▶ WORK INSTRUCTIONS: For each line in the data below, write an exact copy.

━━ DATASET EXTRACT

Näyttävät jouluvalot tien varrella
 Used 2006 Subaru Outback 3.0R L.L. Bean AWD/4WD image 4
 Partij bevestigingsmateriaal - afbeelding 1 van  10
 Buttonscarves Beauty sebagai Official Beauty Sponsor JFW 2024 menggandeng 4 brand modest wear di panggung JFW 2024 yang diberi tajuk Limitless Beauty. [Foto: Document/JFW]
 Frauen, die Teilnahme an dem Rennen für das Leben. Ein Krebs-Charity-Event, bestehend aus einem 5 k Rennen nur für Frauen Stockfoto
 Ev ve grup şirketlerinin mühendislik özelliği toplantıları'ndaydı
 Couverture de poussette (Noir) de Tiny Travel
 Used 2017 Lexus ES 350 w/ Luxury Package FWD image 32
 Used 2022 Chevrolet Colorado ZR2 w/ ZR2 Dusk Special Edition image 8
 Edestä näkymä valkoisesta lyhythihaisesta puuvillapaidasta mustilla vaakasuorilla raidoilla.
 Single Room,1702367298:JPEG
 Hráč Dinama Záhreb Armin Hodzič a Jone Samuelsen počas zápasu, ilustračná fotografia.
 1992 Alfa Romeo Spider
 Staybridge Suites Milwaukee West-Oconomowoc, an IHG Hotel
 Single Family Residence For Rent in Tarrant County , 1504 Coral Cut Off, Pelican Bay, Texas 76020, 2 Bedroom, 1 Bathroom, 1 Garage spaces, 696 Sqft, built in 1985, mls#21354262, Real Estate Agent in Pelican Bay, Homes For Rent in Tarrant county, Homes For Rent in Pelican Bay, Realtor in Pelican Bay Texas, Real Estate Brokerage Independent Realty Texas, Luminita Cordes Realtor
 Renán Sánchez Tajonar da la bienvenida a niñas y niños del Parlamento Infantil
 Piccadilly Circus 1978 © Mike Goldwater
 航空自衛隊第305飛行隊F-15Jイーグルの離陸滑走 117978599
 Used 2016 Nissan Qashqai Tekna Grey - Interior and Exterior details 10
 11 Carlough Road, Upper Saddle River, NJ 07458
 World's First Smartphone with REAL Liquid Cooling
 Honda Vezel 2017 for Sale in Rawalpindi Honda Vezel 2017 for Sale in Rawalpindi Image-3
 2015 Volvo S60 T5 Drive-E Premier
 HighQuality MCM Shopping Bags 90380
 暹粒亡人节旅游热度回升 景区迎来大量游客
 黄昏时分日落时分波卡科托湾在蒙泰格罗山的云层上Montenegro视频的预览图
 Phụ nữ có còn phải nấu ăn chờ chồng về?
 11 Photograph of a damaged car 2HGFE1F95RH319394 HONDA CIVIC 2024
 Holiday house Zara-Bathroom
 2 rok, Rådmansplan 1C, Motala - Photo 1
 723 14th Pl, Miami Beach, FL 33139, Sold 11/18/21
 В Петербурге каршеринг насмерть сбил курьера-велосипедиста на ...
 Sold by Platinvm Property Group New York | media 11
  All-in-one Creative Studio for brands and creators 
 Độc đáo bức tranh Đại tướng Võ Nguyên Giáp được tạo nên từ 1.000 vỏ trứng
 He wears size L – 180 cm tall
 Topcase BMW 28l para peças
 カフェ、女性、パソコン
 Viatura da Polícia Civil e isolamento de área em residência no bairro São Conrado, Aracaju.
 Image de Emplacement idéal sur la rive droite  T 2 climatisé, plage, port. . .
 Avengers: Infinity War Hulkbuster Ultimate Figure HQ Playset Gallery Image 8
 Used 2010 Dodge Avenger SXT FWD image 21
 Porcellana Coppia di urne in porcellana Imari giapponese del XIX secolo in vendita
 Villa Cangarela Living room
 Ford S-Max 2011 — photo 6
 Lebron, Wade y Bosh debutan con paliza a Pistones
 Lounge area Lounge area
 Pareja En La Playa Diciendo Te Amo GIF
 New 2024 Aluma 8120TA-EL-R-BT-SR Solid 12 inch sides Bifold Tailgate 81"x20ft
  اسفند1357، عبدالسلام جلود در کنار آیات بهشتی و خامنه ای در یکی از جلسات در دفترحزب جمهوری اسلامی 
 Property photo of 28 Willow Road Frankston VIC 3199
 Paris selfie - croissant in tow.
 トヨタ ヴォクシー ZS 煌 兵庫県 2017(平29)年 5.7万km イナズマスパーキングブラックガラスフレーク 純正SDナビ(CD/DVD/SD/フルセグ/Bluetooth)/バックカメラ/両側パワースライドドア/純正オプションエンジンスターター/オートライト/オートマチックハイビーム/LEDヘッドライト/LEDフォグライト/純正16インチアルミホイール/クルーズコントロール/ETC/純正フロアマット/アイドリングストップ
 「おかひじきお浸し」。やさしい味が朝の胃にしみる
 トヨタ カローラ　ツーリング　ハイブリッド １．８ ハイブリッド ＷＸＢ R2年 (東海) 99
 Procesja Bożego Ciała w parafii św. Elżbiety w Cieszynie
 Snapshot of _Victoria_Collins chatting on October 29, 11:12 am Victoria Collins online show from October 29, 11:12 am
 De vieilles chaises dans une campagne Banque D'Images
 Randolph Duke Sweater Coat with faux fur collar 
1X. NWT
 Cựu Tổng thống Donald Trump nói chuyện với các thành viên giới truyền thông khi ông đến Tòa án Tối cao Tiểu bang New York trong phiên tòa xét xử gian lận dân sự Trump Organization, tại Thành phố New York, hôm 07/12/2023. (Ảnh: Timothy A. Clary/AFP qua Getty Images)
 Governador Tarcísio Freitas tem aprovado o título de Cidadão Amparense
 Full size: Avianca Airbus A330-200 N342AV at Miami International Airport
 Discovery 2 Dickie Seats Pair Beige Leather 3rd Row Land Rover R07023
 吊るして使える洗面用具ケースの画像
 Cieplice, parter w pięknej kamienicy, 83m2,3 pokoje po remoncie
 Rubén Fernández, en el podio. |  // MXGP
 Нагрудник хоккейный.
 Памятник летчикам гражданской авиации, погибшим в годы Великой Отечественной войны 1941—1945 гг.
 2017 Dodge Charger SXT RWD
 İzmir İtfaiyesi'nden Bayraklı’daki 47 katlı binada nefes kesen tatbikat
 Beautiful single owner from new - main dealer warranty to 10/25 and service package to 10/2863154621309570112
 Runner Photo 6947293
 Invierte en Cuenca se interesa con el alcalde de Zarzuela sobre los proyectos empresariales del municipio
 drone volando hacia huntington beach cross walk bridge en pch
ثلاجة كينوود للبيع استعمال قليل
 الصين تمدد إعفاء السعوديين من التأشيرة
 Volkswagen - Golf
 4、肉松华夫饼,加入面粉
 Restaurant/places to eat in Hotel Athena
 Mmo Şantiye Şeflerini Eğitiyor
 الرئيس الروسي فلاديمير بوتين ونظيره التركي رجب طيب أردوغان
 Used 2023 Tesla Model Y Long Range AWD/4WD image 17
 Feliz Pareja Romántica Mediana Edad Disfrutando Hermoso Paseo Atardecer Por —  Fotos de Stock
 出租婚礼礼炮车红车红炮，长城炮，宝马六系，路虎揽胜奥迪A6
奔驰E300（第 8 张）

━━━━

▶ RESPONSE:
Näyttävät jouluvalot tien varrella
 Used 2006 Subaru Outback 3.0R L.L. Bean AWD/4WD image 4
 Partij bevestigingsmateriaal - afbeelding 1 van  10
 Buttonscarves Beauty sebagai Official Beauty Sponsor JFW 2024 menggandeng 4 brand modest wear di panggung JFW 2024 yang diberi tajuk Limitless Beauty. [Foto: Document/JFW]
 Frauen, die Teilnahme an dem Rennen für das Leben. Ein Krebs-Charity-Event, bestehend aus einem 5 k Rennen nur für Frauen Stockfoto
 Ev ve grup şirketlerinin mühendislik özelliği toplantıları'ndaydı
 Couverture de poussette (Noir) de Tiny Travel
 Used 2017 Lexus ES 350 w/ Luxury Package FWD image 32
 Used 2022 Chevrolet Colorado ZR2 w/ ZR2 Dusk Special Edition image 8
 Edestä näkymä valkoisesta lyhythihaisesta puuvillapaidasta mustilla vaakasuorilla raidoilla.
 Single Room,1702367298:JPEG
 Hráč Dinama Záhreb Armin Hodzič a Jone Samuelsen počas zápasu, ilustračná fotografia.
 1992 Alfa Romeo Spider
 Staybridge Suites Milwaukee West-Oconomowoc, an IHG Hotel
 Single Family Residence For Rent in Tarrant County , 1504 Coral Cut Off, Pelican Bay, Texas 76020, 2 Bedroom, 1 Bathroom, 1 Garage spaces, 696 Sqft, built in 1985, mls#21354262, Real Estate Agent in Pelican Bay, Homes For Rent in Tarrant county, Homes For Rent in Pelican Bay, Realtor in Pelican Bay Texas, Real Estate Brokerage Independent Realty Texas, Luminita Cordes Realtor
 Renán Sánchez Tajonar da la bienvenida a niñas y niños del Parlamento Infantil
 Piccadilly Circus 1978 © Mike Goldwater
 航空自衛隊第305飛行隊F-15Jイーグルの離陸滑走 117978599
 Used 2016 Nissan Qashqai Tekna Grey - Interior and Exterior details 10
 11 Carlough Road, Upper Saddle River, NJ 07458
 World's First Smartphone with REAL Liquid Cooling
 Honda Vezel 2017 for Sale in Rawalpindi Honda Vezel 2017 for Sale in Rawalpindi Image-3
 2015 Volvo S60 T5 Drive-E Premier
 HighQuality MCM Shopping Bags 90380
 暹粒亡人节旅游热度回升 景区迎来大量游客
 黄昏时分日落时分波卡科托湾在蒙泰格罗山的云层上Montenegro视频的预览图
 Phụ nữ có còn phải nấu ăn chờ chồng về?
 11 Photograph of a damaged car 2HGFE1F95RH319394 HONDA CIVIC 2024
 Holiday house Zara-Bathroom
 2 rok, Rådmansplan 1C, Motala - Photo 1
 723 14th Pl, Miami Beach, FL 33139, Sold 11/18/21
 В Петербурге каршеринг насмерть сбил курьера-велосипедиста на ...
 Sold by Platinvm Property Group New York | media 11
  All-in-one Creative Studio for brands and creators 
 Độc đáo bức tranh Đại tướng Võ Nguyên Giáp được tạo nên từ 1.000 vỏ trứng
 He wears size L – 180 cm tall
 Topcase BMW 28l para peças
 カフェ、女性、パソコン
 Viatura da Polícia Civil e isolamento de área em residência no bairro São Conrado, Aracaju.
 Image de Emplacement idéal sur la rive droite  T 2 climatisé, plage, port. . .
 Avengers: Infinity War Hulkbuster Ultimate Figure HQ Playset Gallery Image 8
 Used 2010 Dodge Avenger SXT FWD image 21
 Porcellana Coppia di urne in porcellana Imari giapponese del XIX secolo in vendita
 Villa Cangarela Living room
 Ford S-Max 2011 — photo 6
 Lebron, Wade y Bosh debutan con paliza a Pistones
 Lounge area Lounge area
 Pareja En La Playa Diciendo Te Amo GIF
 New 2024 Aluma 8120TA-EL-R-BT-SR Solid 12 inch sides Bifold Tailgate 81"x20ft
  اسفند1357، عبدالسلام جلود در کنار آیات بهشتی و خامنه ای در یکی از جلسات در دفترحزب جمهوری اسلامی 
 Property photo of 28 Willow Road Frankston VIC 3199
 Paris selfie - croissant in tow.
 トヨタ ヴォクシー ZS 煌 兵庫県 2017(平29)年 5.7万km イナズマスパーキングブラックガラスフレーク 純正SDナビ(CD/DVD/SD/フルセグ/Bluetooth)/バックカメラ/両側パワースライドドア/純正オプションエンジンスターター/オートライト/オートマチックハイビーム/LEDヘッドライト/LEDフォグライト/純正16インチアルミホイール/クルーズコントロール/ETC/純正フロアマット/アイドリングストップ
 「おかひじきお浸し」。やさしい味が朝の胃にしみる
 トヨタ カローラ　ツーリング　ハイブリッド １．８ ハイブリッド ＷＸＢ R2年 (東海) 99
 Procesja Bożego Ciała w parafii św. Elżbiety w Cieszynie
 Snapshot of _Victoria_Collins chatting on October 29, 11:12 am Victoria Collins online show from October 29, 11:12 am
 De vieilles chaises dans une campagne Banque D'Images
 Randolph Duke Sweater Coat with faux fur collar 
1X. NWT
 Cựu Tổng thống Donald Trump nói chuyện với các thành viên giới truyền thông khi ông đến Tòa án Tối cao Tiểu bang New York trong phiên tòa xét xử gian lận dân sự Trump Organization, tại Thành phố New York, hôm 07/12/2023. (Ảnh: Timothy A. Clary/AFP qua Getty Images)
 Governador Tarcísio Freitas tem aprovado o título de Cidadão Amparense
 Full size: Avianca Airbus A330-200 N342AV at Miami International Airport
 Discovery 2 Dickie Seats Pair Beige Leather 3rd Row Land Rover R07023
 吊るして使える洗面用具ケースの画像
 Cieplice, parter w pięknej kamienicy, 83m2,3 pokoje po remoncie
 Rubén Fernández, en el podio. |  // MXGP
 Нагрудник хоккейный.
 Памятник летчикам гражданской авиации, погибшим в годы Великой Отечественной войны 1941—1945 гг.
 2017 Dodge Charger SXT RWD
 İzmir İtfaiyesi'nden Bayraklı’daki 47 katlı binada nefes kesen tatbikat
 Beautiful single owner from new - main dealer warranty to 10/25 and service package to 10/2863154621309570112
 Runner Photo 6947293
 Invierte en Cuenca se interesa con el alcalde de Zarzuela sobre los proyectos empresariales del municipio
 drone volando hacia huntington beach cross walk bridge en pch
ثلاجة كينوود للبيع استعمال قليل
 الصين تمدد إعفاء السعوديين من التأشيرة
 Volkswagen - Golf
 4、肉松华夫饼,加入面粉
 Restaurant/places to eat in Hotel Athena
 Mmo Şantiye Şeflerini Eğitiyor
 الرئيس الروسي فلاديمير بوتين ونظيره التركي رجب طيب أردوغان
 Used 2023 Tesla Model Y Long Range AWD/4WD image 17
 Feliz Pareja Romántica Mediana Edad Disfrutando Hermoso Paseo Atardecer Por —  Fotos de Stock
 出租婚礼礼炮车红车红炮，长城炮，宝马六系，路虎揽胜奥迪A6
奔驰E300（第 8 张）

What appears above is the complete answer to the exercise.